* **Aim of the exercise**:
In the listing below, look for "image" and copy every line that has it.

* **Information provided**:
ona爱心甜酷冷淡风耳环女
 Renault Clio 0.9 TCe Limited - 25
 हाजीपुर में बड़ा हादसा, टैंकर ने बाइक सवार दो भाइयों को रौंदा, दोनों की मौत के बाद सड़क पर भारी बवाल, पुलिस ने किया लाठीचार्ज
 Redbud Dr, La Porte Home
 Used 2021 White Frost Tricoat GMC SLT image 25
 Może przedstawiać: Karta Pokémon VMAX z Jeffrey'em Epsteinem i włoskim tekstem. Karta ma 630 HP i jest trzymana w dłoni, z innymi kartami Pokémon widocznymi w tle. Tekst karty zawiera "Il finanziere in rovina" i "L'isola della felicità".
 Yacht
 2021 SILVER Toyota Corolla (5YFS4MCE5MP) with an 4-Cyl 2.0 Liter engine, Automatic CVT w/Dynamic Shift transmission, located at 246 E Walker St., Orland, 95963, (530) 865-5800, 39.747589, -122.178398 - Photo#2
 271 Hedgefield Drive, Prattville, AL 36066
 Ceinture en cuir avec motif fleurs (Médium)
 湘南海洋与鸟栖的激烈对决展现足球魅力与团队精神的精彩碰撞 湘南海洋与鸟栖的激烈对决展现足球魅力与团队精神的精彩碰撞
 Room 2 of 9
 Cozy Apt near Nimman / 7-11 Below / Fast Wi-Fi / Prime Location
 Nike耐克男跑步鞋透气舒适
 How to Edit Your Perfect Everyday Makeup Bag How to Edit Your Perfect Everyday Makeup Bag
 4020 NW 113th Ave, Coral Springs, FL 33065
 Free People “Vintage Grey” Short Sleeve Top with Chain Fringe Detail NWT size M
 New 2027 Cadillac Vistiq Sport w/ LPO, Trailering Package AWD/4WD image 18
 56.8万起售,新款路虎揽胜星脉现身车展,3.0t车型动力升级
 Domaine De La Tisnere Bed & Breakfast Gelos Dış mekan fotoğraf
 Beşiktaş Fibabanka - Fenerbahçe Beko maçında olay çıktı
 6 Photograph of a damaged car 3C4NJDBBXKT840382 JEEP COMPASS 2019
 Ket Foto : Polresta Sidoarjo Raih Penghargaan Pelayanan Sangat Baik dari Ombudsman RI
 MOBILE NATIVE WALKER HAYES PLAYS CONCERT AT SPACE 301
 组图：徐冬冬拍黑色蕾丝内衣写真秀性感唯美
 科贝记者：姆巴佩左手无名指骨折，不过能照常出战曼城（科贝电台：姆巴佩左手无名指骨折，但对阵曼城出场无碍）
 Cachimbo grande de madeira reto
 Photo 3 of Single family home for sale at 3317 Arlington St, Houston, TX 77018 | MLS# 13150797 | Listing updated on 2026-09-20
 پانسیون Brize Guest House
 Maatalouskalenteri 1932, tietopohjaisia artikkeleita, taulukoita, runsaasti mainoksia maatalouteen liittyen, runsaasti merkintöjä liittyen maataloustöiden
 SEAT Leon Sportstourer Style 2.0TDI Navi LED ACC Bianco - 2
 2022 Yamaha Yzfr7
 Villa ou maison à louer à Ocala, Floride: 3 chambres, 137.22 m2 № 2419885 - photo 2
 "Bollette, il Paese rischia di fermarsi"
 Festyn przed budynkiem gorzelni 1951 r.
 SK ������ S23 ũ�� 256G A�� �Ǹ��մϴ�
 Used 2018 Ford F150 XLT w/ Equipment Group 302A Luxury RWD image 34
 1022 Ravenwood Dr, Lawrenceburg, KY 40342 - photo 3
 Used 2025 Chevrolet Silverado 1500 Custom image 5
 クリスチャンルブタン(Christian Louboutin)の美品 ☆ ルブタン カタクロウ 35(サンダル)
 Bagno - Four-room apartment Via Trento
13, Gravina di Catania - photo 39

* **Output for this task**:
 Used 2021 White Frost Tricoat GMC SLT image 25
 New 2027 Cadillac Vistiq Sport w/ LPO, Trailering Package AWD/4WD image 18
 Used 2018 Ford F150 XLT w/ Equipment Group 302A Luxury RWD image 34
 Used 2025 Chevrolet Silverado 1500 Custom image 5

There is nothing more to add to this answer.